Dans son billet de ce matin, Christian Rioux revient sur son récent passage à Tout le monde en parle, qui lui sert de prétexte pour livrer les états d’âme que lui a inspirés sa lecture du dernier ouvrage de Lionel Meney intitulé Main basse sur la langue, qu’il n’hésite pas à qualifier d’« excellent ». Pourtant, le discours que le polémiste Meney tient sur la langue que parlent les Québécois est inexact à bien des égards.

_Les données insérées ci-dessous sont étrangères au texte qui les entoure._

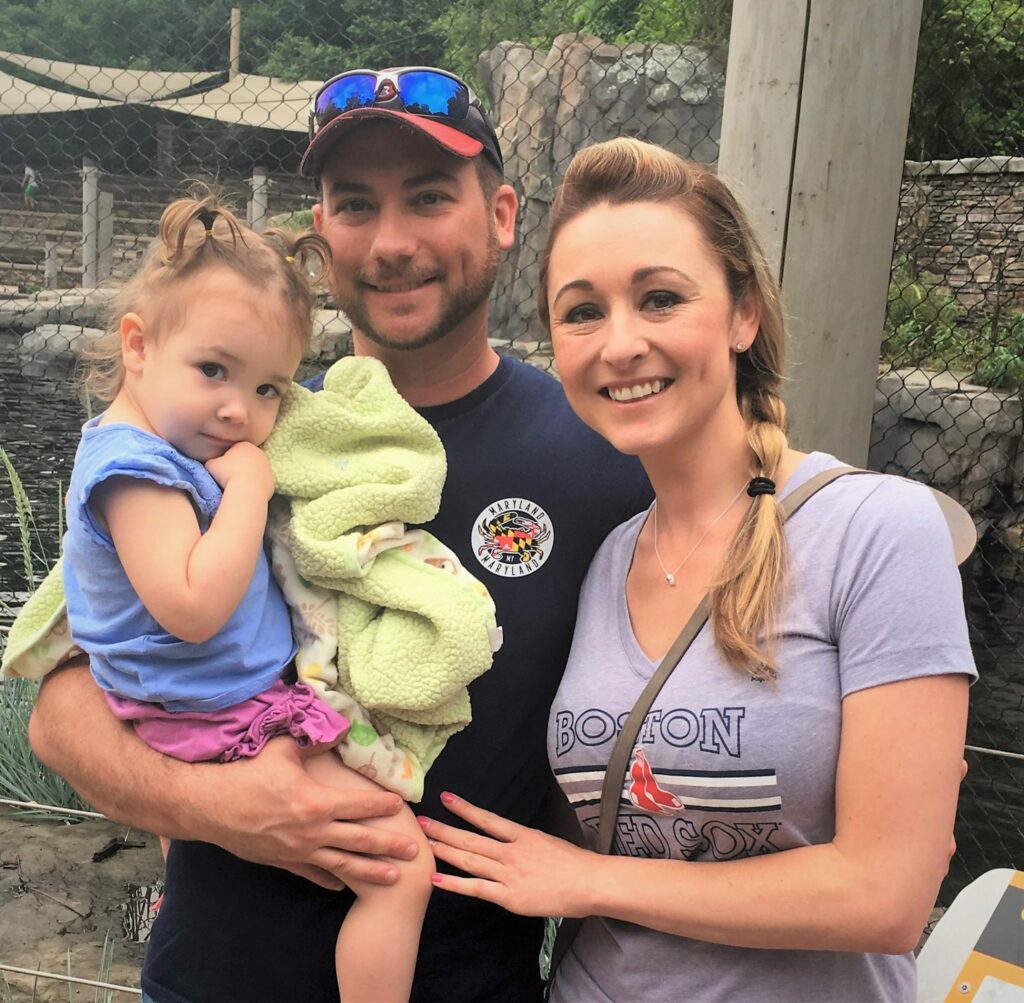 Jason Mattern with his wife, Allison, and daughter, Addison.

Ainsi, aucun linguiste n’a proposé d’élever au rang de standard national le français populaire qui a cours au Québec ; en revanche, bon nombre d’entre eux préconisent de décrire dans un dictionnaire le « bon français » qui y a cours. Cela comprend non seulement des mots comme table et voiture, que les Québécois ont en commun avec les autres francophones, mais aussi des termes comme cellulaire à la place de portable, courriel à la place de mél, ou napperon à la place de set, sans compter tous ceux qui désignent des réalités typiquement québécoises, tels cégep et polyvalente, et dont ils ont absolument besoin pour s’exprimer. Il va de soi qu’un dictionnaire qui se donne pour mission de refléter l’ensemble du français qui a cours au Québec se doit d’ouvrir aussi ses colonnes à des mots de la langue familière et populaire tels blonde et chum, de la même manière que nana et mec figurent dans Le Petit Robert, dans Le Petit Larousse ou dans n’importe quel autre dictionnaire fait en France, en indiquant – cela va aussi de soi – le registre (familier, par exemple) dans lequel ils s’emploient. Il faut être de mauvaise foi pour voir dans une telle entreprise un projet de séparatisme linguistique et de repli sur soi ; bien au contraire, il s’agit de fournir un outil essentiel à tous ceux qui s’intéressent à la culture québécoise, outil qui fait toujours cruellement défaut.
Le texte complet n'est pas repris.